• _Your goal_
A word-for-word retyping of the listing below is required, with the pictures dropped.

== Segment start ==

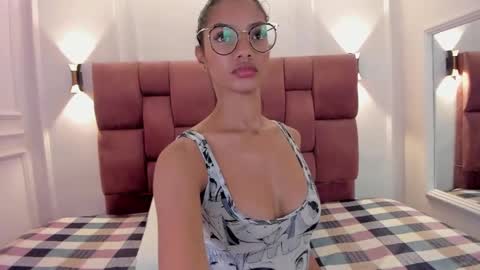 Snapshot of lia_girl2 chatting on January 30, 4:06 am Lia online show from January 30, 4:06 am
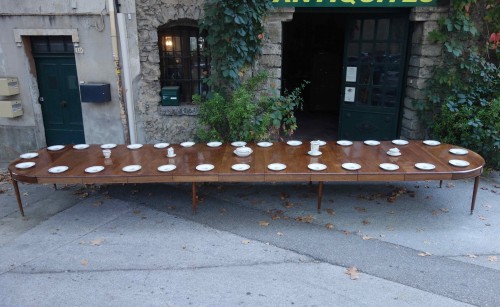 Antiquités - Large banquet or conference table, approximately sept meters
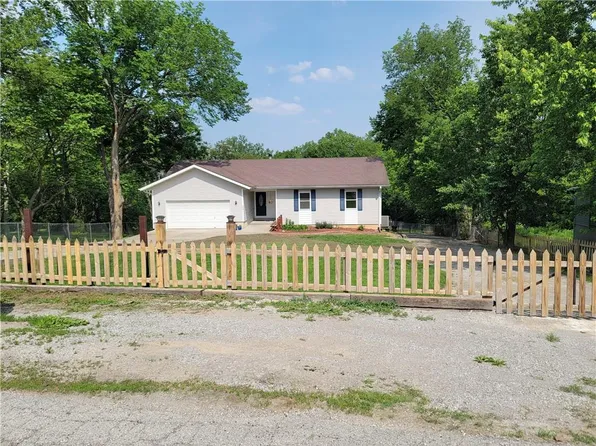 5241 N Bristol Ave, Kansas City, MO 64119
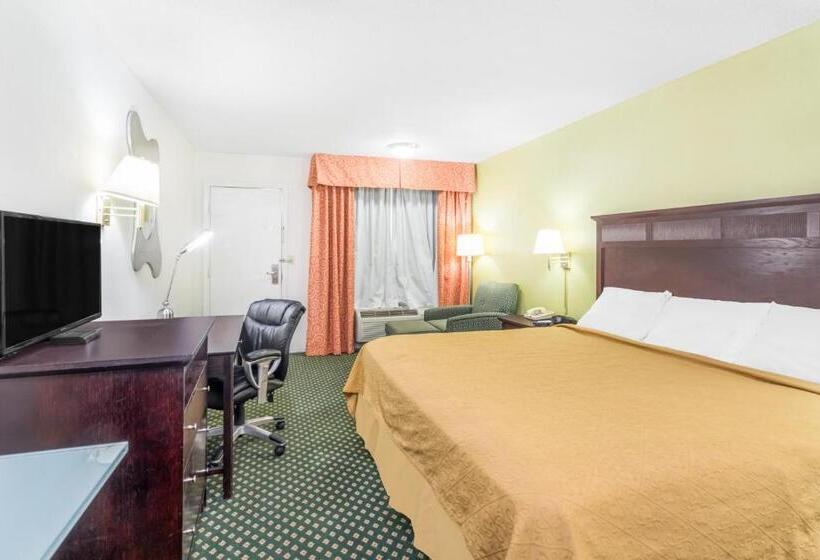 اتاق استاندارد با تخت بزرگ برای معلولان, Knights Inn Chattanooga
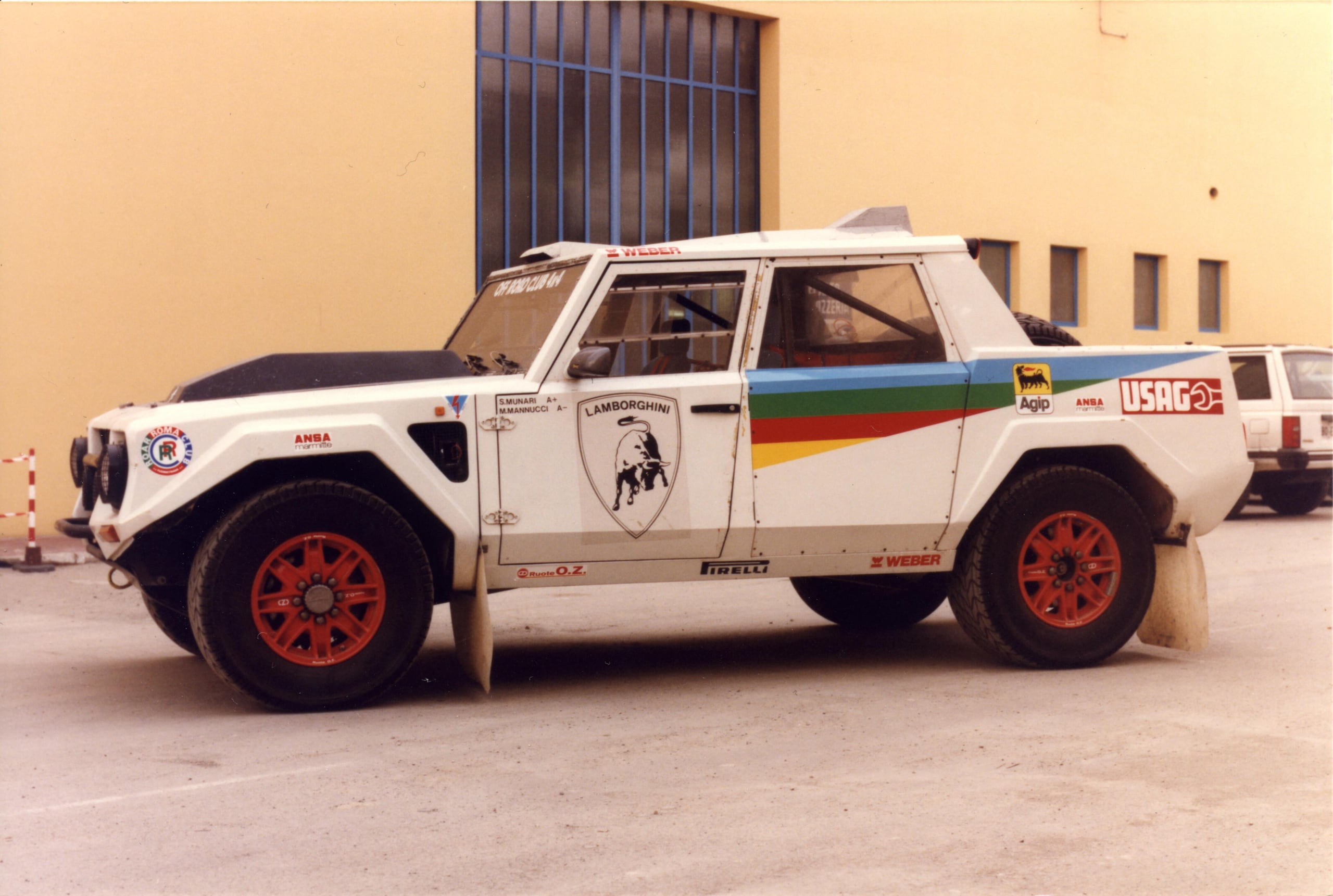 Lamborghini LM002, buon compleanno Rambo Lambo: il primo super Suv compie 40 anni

== Segment end ==

• _Response area_
 Snapshot of lia_girl2 chatting on January 30, 4:06 am Lia online show from January 30, 4:06 am
 Antiquités - Large banquet or conference table, approximately sept meters
 5241 N Bristol Ave, Kansas City, MO 64119
 اتاق استاندارد با تخت بزرگ برای معلولان, Knights Inn Chattanooga
 Lamborghini LM002, buon compleanno Rambo Lambo: il primo super Suv compie 40 anni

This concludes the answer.